When we can catch fear, overwhelm and other unpleasant emotions in their earliest stages, we can make a choice to stop what we’re doing, thinking or talking about before they pick up power.
I have been experiencing some tech issues with my site, which has slowed the process of serving people in the ways I’ve been inspired to. Had I caught my frustration when it first began to call for my attention, I would have stopped what I was doing and regrouped in one of the gazillion ways I teach other people.
But since I know how many are struggling and want to help them as soon as possible, I tried to push through.
Hours later and no closer to the answers, my frustration had expanded into a host of other undesirable emotions, and some judgement toward myself, since I know so much better. I learned to stop beating myself up a long time ago so fortunately, when I heard the critical voice, it got my attention. I unplugged immediately and went to the beach to watch the sun set.
When we can catch ourselves going down rabbit holes of negative feelings, conversations or experiences, we get to choose again. When we don’t notice, the feelings get more powerful. One great way to become aware of how you’re feeling is to check in with yourself on a regular basis.You might ask other people how they’re feeling or doing. Do you think to ask yourself?
A few deep breaths of salt air later, I found myself laughing. Of course, I wasn’t meant to solve those tech challenges today.
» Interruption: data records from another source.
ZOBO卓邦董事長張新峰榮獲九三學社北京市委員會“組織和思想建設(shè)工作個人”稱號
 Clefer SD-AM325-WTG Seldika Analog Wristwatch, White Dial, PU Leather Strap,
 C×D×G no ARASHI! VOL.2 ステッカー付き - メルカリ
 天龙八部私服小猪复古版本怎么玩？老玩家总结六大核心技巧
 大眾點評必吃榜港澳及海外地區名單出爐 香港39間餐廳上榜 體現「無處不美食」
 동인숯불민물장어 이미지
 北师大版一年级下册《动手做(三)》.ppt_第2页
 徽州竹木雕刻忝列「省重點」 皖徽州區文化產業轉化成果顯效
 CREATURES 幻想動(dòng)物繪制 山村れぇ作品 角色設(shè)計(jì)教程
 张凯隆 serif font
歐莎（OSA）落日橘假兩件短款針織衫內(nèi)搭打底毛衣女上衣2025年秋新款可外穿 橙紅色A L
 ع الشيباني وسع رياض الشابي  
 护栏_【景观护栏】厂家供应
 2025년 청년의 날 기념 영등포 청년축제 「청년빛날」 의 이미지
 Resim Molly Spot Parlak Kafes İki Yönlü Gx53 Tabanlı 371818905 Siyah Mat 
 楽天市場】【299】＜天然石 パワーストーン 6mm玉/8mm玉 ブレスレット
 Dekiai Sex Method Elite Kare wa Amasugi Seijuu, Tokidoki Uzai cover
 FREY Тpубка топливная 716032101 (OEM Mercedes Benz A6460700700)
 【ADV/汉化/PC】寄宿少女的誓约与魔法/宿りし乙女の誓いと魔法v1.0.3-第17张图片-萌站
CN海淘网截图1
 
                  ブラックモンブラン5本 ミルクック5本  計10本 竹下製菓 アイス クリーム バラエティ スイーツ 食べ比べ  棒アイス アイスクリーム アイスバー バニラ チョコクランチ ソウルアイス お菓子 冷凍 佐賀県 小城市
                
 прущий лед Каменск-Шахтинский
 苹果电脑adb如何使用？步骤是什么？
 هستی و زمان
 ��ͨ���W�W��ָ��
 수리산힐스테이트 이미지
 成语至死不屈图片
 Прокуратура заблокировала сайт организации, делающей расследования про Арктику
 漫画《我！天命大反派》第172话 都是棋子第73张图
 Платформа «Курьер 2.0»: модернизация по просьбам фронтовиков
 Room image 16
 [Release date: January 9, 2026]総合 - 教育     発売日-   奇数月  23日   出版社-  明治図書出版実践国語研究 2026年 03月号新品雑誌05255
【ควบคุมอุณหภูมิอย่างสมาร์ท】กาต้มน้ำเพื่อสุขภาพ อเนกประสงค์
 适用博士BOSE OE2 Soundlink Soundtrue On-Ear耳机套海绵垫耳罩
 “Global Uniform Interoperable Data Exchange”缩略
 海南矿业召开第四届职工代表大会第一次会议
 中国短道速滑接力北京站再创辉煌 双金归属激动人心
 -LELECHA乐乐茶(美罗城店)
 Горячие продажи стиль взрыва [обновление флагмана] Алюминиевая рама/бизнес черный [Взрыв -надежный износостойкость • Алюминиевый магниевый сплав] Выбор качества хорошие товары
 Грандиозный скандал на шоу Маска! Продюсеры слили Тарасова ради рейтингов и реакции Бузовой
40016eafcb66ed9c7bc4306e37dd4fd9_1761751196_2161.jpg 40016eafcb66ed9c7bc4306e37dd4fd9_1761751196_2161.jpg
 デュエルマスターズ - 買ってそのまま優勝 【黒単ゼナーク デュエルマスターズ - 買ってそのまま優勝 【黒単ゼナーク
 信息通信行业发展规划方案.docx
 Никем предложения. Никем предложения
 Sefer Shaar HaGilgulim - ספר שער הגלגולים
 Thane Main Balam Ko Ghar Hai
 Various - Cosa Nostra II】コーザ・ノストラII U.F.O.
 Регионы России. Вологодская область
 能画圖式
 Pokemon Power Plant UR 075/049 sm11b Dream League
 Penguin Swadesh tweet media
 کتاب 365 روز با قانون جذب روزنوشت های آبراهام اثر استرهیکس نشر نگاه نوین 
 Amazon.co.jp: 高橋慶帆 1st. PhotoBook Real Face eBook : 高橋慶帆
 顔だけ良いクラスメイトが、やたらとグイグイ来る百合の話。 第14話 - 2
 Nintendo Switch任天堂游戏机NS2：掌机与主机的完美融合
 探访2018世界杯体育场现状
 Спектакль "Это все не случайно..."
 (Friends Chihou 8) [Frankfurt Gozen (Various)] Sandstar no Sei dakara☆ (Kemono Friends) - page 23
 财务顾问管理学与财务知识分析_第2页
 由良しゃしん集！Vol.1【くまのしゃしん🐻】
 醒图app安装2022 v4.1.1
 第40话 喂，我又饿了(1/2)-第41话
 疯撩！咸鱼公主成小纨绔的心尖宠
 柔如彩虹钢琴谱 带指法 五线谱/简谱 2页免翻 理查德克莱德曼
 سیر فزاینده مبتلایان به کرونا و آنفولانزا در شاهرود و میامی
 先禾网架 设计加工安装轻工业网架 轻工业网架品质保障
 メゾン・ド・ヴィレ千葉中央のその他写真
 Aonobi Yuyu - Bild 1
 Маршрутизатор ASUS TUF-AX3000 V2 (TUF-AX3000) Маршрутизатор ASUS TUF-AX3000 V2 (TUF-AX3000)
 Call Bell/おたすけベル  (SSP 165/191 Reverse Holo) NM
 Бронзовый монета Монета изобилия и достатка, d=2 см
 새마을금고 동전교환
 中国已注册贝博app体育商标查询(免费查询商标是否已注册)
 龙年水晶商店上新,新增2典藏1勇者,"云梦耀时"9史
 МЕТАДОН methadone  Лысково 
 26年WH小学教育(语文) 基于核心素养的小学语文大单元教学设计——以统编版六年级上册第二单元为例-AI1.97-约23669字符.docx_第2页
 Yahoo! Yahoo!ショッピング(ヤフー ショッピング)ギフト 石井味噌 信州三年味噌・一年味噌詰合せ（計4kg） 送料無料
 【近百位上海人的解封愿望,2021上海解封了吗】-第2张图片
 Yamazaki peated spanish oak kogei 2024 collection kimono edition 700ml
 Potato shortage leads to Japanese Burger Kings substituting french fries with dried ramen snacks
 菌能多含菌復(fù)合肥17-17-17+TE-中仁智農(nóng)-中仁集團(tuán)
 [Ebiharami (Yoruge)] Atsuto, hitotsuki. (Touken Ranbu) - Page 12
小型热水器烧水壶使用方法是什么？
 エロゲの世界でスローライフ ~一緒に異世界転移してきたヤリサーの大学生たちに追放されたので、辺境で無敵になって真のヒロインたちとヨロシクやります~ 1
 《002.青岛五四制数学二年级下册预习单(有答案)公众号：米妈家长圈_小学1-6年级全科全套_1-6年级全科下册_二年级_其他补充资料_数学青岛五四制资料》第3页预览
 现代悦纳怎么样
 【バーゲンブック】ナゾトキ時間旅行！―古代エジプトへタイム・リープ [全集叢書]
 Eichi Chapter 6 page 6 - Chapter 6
I had to have that experience, in order to think to share it to those who will read this now, before I connect with my tech answers. Surely, someone who already reads my blog will be glad I did.
When we’re in touch with our emotions, they tell us it’s time to take a break from what we are doing or thinking.
We also need to unplug when we are engaging in conversations that are bringing us down and are unnecessary, surfing our newsfeeds or doing anything else that is optional but draining.
I spoke with a cherished family member about that tonight. Just because someone sends you information or tries to engage in a fear and negativity-based discussion doesn’t mean you have to participate. It’s okay to unplug when you need to. You don’t owe anyone an explanation or apology for that.
You just owe yourself the opportunity to feel as good as possible right now. One, because you deserve to. And two, because you can’t be there for someone else in any sort of authentic way anyway if you are coming from depletion.
So, how are you feeling right now? Do you need to unplug? If so, start by getting off your phone or computer. That’s what I’m going to do right now. Goodnight.